En mode warrior : ils ont innové, se sont transformés. Replay meetup.

Un mot pour résumer le meetup Tech.Rocks du 14 mai dernier ? Galvanisant. Deux warriors Tech Leaders se sont livrés sur leurs activités durant le confinement. Ils se sont transformés, ont innové sous pression, l’une pour l’éducation, l’autre pour la santé. 

Speakers, who’s who : 

Sophie Viger est Directrice de l’école 42 où la pédagogie est conçue en présentiel. Elle est revenue sur le passage des équipes et des formations en full remote.

Quentin Adam, CEO de Clever Cloud, s’est lancé avec d’autres entrepreneurs dans une course folle : la fabrication de respirateurs artificiels. Ils partirent 5 et finirent 250, avec un modèle en cours de certification à l’ANSM1.

Ce meetup a été animé par Cyril Pierre de Geyer CEO de Rocket School et co-fondateur de Tech.Rocks.

Sophie pour commencer, comment le confinement a été abordé à 42 ?
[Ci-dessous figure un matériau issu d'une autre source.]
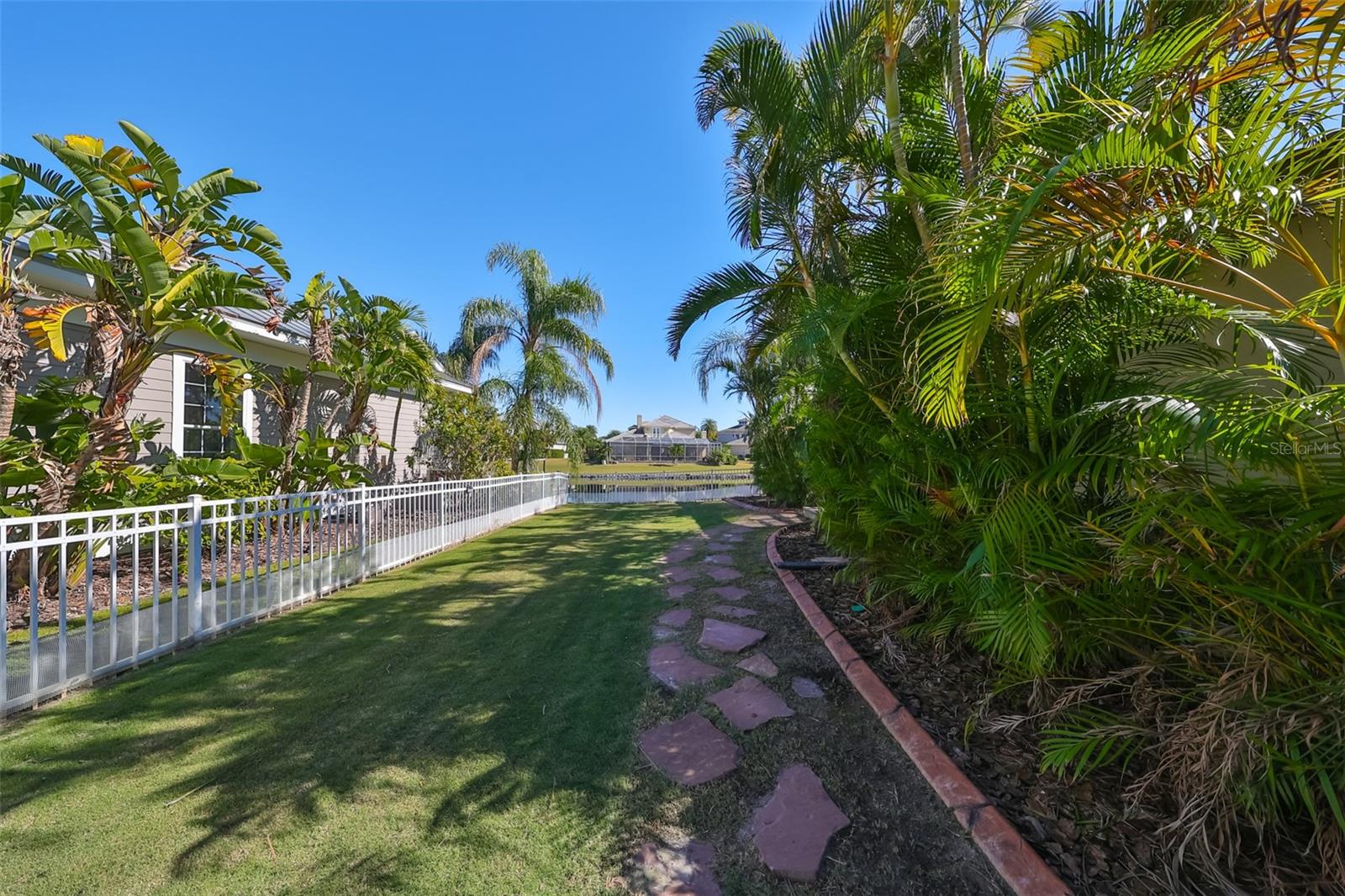 MIRABAY PH 2A-4 - Residential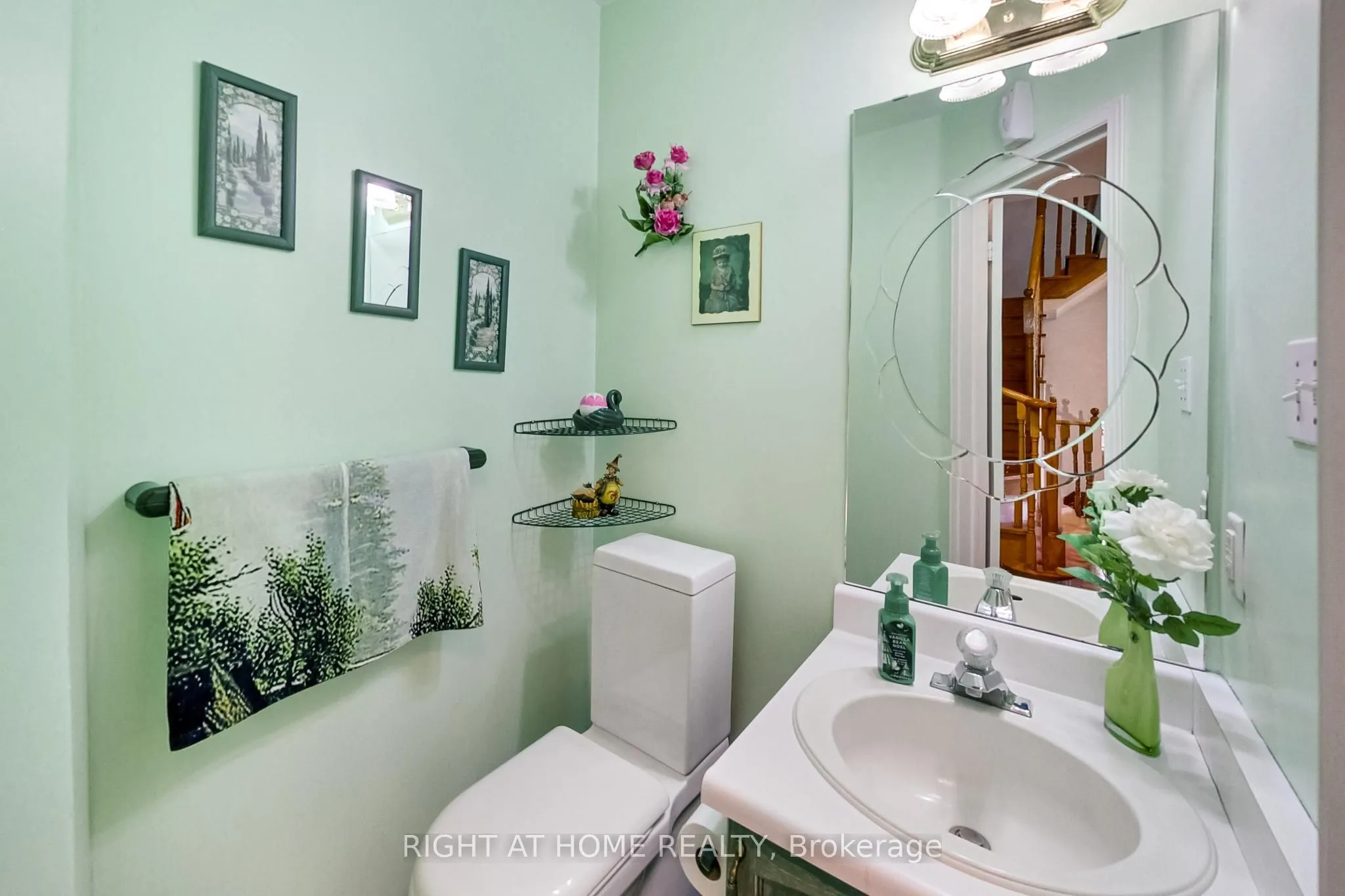 28 Foxtail Ridge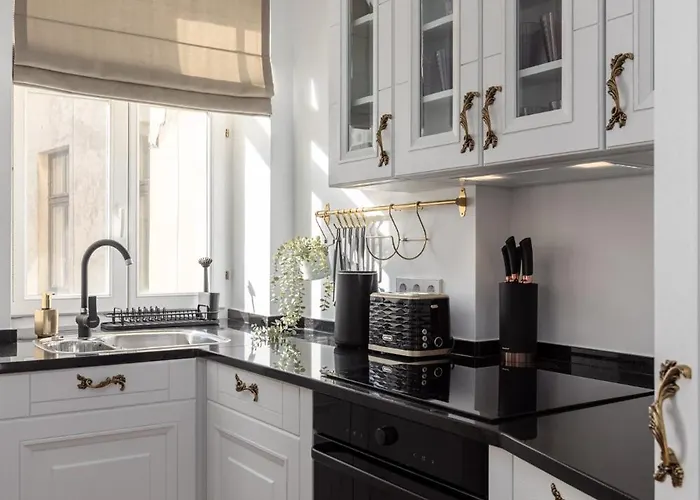 Art Noveau Old Town Daire *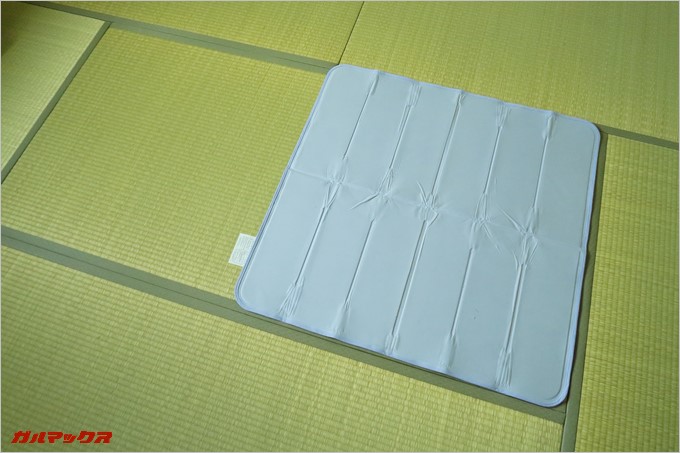 90×90サイズは畳半分のサイズなのでシングルサイズの布団に引く場合は2セット購入がオススメ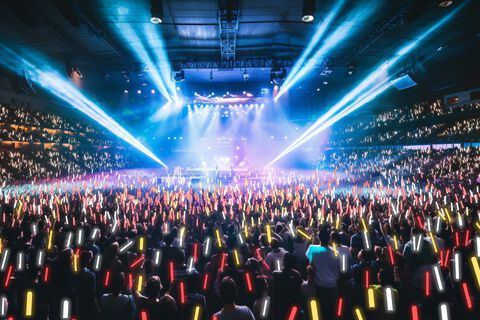 スシローが『【推しの子】』とコラボ？ 「ウリャオイ！ ウリャオイ！」という文とともにライブ画像を投稿
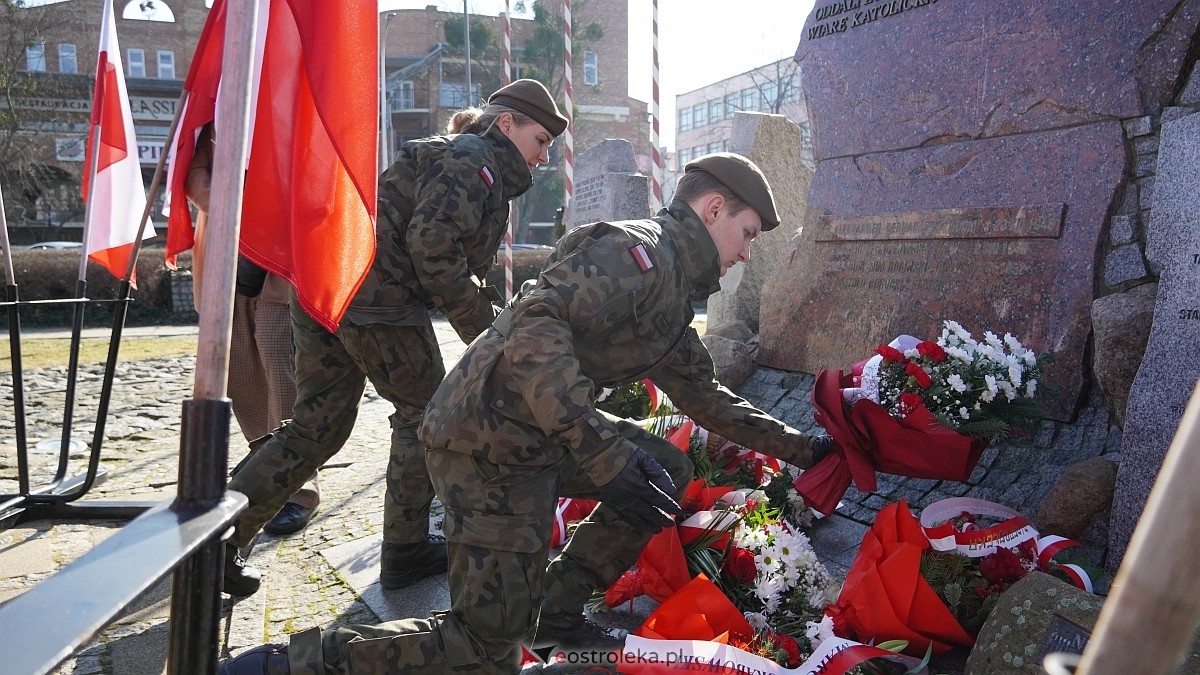 Narodowy Dzień Pamięci Żołnierzy Wyklętych w Ostrołęce [01.03.2026] - zdjęcie #28 - eOstroleka.pl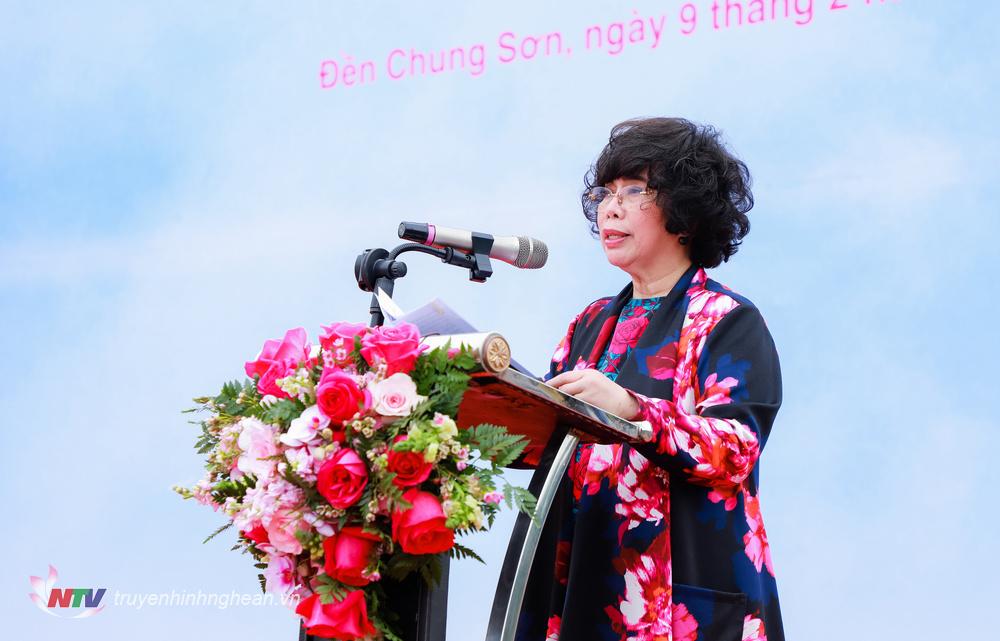 Bà Thái Hương - Tổng Giám đốc Ngân hàng Thương mại Cổ phần Bắc Á - Chủ tịch Hội đồng Chiến lược Tập đoàn TH, Trưởng ban quản lý Đền Chung Sơn phát biểu tại buổi lễ.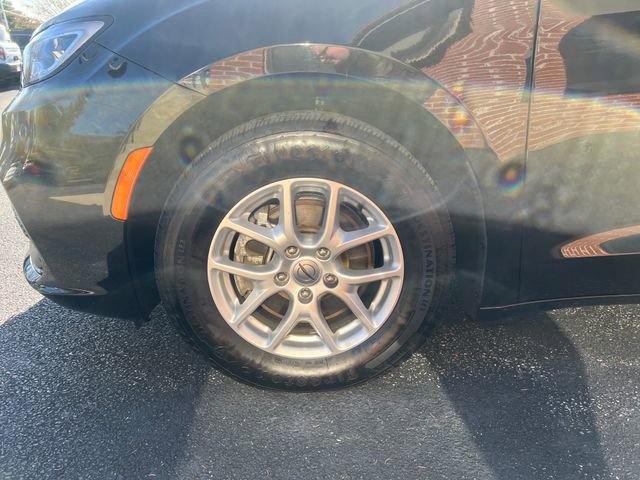 Used 2023 Chrysler Pacifica Touring-L image 10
Sophie : "Du jour au lendemain, il a fallu revoir le modèle de l’école. Ça n’a pas été immédiatement évident. Il a fallu rassurer certaines craintes de l’équipe de voir un modèle twister. Pour resituer, à 42 tout a été fait pour que les formations se passent en présentiel. C’est notre modèle. Avec l’humain, ça fonctionne mieux car les relations sociales ont un effet bénéfique sur l’apprentissage, en particulier durant les « piscines ». Quand vous êtes 900 personnes engagées en même temps au même endroit, vos forces sont décuplées."Notre mode pédagogique par pair, sans prof, amène tout le monde travailler dans la même forêt d’ordinateurs, avec les mêmes librairies. Les élèves se corrigent les uns les autres, dans les mêmes environnements, donc obligatoirement sur place.

Dans ce contexte en mars, comme beaucoup d’entreprises, on s’est retrouvé propulsé dans une situation où, il a fallu se faire plus confiance, compter les uns sur les autres et avancer ensemble."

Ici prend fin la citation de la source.